La alternativa es una larga campaña de erosión de su prestigio hasta disolver la consideración de democracia consolidada con la que le son perdonadas las transgresiones de los derechos de todo tipo; una campaña que a la vez ponga a la Unión Europea ante el espejo de las propias contradicciones. Esta vía es o se parece bastante a la que Carles Puigdemont llamó “confrontación inteligente”. Tiene la ventaja de que España colabora a la misma con entusiasmo, pero requiere gran finura diplomática y mucha persistencia en provocar la desmesura española a pesar de las consecuencias que esta práctica tiene en su interior. Y todavía presupone una condición inimaginable en estos momentos: presentarse ante el mundo como una comunidad nacional y no como una reunión de ideologías confrontadas con equivalencias en los demás estados de la Unión Europea, pues nadie ha hecho nunca respetar el derecho de independencia de una nación sometida sustituyendo el criterio de la nacionalidad con promesas vacías de bienestar social e inclusividad multicultural y chillona.

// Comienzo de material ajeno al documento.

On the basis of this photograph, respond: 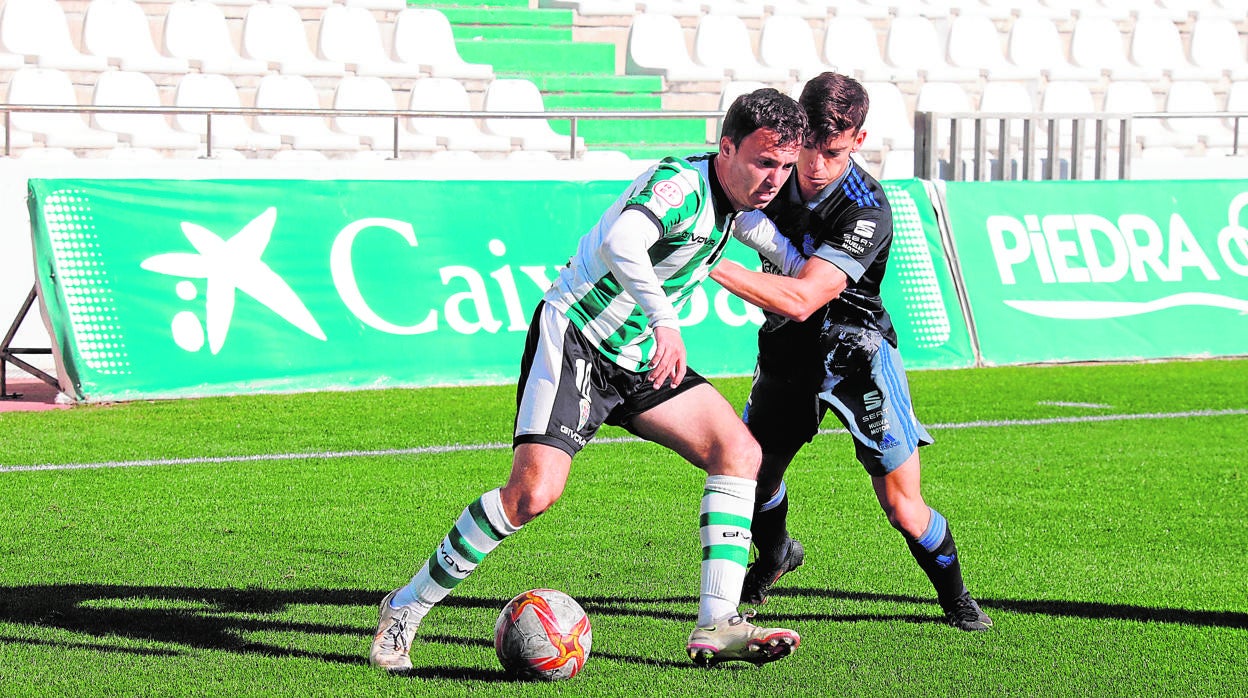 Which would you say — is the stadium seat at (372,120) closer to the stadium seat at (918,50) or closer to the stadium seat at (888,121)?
the stadium seat at (888,121)

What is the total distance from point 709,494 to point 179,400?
263 inches

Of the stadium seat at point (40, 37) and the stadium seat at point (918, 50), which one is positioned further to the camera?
the stadium seat at point (918, 50)


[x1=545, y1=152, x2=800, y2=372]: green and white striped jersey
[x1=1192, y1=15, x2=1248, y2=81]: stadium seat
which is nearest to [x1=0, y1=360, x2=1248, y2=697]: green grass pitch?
[x1=545, y1=152, x2=800, y2=372]: green and white striped jersey

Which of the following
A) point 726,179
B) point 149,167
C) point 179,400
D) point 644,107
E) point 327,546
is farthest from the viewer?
point 644,107

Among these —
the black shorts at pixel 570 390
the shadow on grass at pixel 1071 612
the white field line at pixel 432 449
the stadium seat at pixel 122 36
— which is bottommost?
the white field line at pixel 432 449

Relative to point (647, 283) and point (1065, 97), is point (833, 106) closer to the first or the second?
point (647, 283)

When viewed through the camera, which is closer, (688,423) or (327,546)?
(688,423)

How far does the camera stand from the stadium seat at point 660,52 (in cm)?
1953

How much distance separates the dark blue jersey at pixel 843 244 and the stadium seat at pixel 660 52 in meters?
14.4

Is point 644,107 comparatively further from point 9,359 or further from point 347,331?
point 9,359

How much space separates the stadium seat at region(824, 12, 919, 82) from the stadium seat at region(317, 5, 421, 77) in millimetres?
5894

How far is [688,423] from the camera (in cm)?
482

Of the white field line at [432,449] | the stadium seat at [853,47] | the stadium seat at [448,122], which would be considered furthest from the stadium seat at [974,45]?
the white field line at [432,449]

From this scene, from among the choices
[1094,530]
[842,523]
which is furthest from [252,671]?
[1094,530] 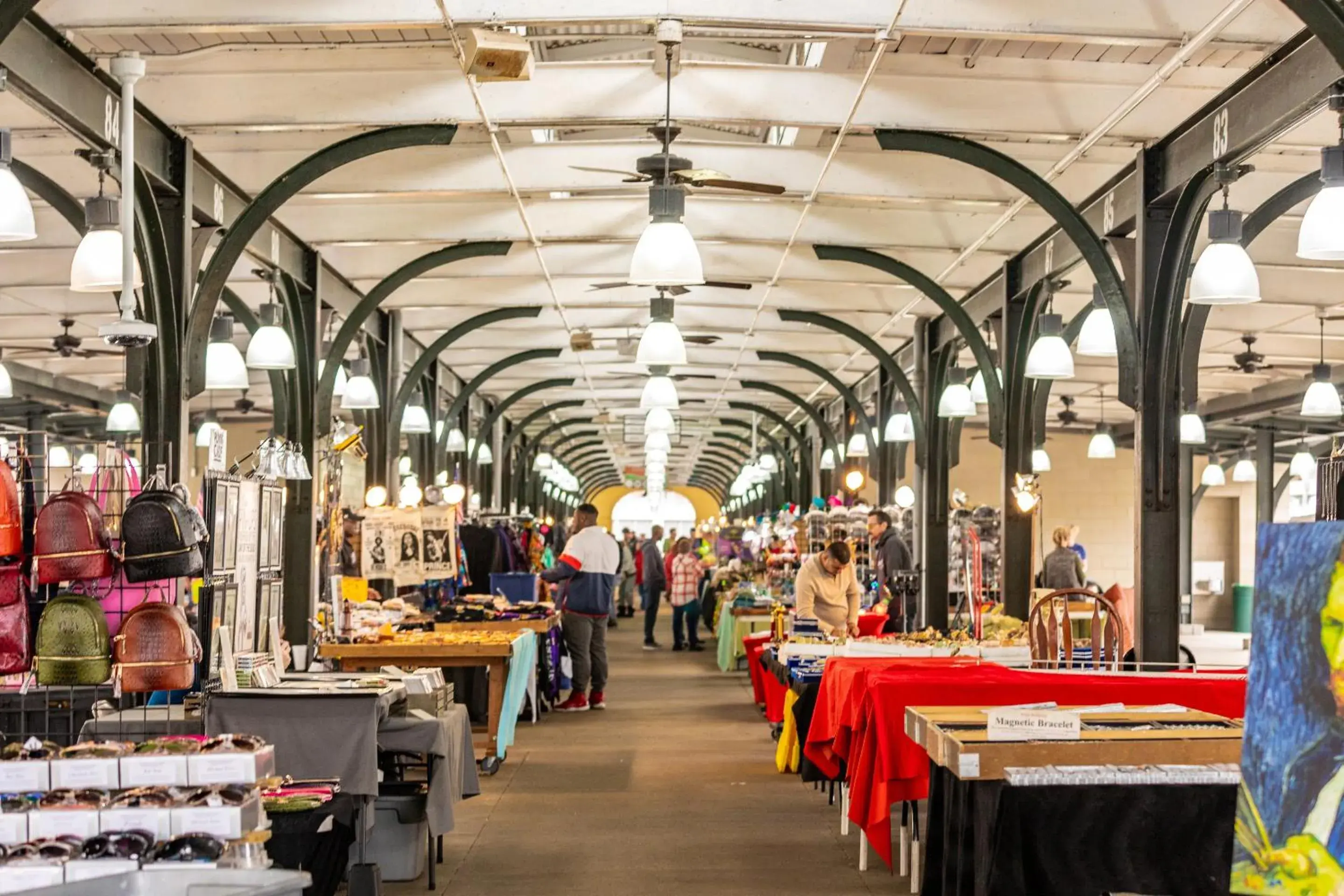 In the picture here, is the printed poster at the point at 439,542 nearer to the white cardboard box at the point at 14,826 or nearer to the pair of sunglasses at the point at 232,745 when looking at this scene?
the pair of sunglasses at the point at 232,745

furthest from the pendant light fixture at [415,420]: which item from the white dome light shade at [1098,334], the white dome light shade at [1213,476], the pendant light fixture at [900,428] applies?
the white dome light shade at [1213,476]

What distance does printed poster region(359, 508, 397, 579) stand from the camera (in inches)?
464

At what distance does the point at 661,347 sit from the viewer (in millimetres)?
8039

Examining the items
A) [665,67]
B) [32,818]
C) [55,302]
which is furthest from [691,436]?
[32,818]

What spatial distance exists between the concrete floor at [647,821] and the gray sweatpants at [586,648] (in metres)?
0.53

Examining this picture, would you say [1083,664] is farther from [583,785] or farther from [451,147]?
[451,147]

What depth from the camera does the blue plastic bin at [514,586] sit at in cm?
1423

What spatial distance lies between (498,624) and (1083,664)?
5383 mm


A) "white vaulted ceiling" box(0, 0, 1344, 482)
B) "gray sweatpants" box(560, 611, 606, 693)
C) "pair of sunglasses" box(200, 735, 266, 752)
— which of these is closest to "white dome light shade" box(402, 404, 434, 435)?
"white vaulted ceiling" box(0, 0, 1344, 482)

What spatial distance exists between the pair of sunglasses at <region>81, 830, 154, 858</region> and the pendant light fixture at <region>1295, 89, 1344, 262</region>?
427cm

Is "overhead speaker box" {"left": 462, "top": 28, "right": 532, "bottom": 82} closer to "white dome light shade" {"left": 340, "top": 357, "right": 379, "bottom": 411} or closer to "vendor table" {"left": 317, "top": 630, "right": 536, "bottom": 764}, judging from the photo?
"vendor table" {"left": 317, "top": 630, "right": 536, "bottom": 764}

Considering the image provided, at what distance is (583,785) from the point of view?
29.9ft

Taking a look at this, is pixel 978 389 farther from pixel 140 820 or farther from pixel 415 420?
pixel 140 820

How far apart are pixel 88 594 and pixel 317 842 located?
1.21 meters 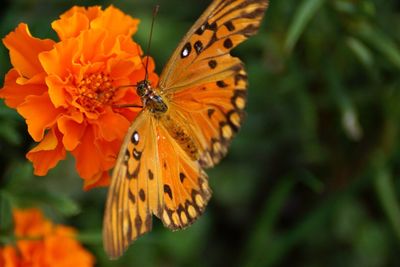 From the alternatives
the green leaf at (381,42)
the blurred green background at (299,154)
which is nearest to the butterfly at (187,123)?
the blurred green background at (299,154)

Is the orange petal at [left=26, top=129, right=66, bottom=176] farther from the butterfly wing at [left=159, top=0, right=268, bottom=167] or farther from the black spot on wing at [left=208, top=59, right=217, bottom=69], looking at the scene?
the black spot on wing at [left=208, top=59, right=217, bottom=69]

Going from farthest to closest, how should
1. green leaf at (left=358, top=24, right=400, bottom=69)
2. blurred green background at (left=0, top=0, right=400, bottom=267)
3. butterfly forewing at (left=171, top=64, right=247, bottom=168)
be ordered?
blurred green background at (left=0, top=0, right=400, bottom=267) < green leaf at (left=358, top=24, right=400, bottom=69) < butterfly forewing at (left=171, top=64, right=247, bottom=168)

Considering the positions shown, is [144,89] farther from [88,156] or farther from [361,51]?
[361,51]

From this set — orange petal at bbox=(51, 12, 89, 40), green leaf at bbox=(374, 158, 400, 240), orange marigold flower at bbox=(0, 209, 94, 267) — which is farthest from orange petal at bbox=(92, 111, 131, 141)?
green leaf at bbox=(374, 158, 400, 240)

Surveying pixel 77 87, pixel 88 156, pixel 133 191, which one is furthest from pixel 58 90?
pixel 133 191

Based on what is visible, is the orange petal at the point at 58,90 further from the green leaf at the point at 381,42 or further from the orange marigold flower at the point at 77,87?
the green leaf at the point at 381,42

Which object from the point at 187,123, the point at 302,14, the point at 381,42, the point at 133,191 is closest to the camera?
the point at 133,191

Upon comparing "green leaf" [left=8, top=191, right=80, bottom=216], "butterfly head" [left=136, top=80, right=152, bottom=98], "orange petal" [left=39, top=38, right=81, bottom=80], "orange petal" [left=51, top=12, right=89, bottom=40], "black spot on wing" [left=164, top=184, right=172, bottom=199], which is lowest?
"green leaf" [left=8, top=191, right=80, bottom=216]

Hoy los catalanes celebran el día de San Esteban, el primer mártir del cristianismo. Mientras comen los canelones, muchos quizá no recuerden que el primer diácono de la Iglesia murió por defender la nueva secta ante la autoridad del sanedrín. «Secta» viene de ‘sequí’ y significa ‘vía, camino’. Para los creyentes la fiesta debería ser luctuosa, si no fuera porque ese martirio, con el que arrancó la persecución de los cristianos en Judea, fue la causa de que la secta se pusiera en marcha y se globalizara. Lo sepan o no, hoy los catalanes celebran la persecución de los herejes, los que han elegido otra vía, porque ayer celebraban el nacimiento de una nueva estrella y porque la tradición explica que, al descubrirla, unos sabios se pusieron en camino.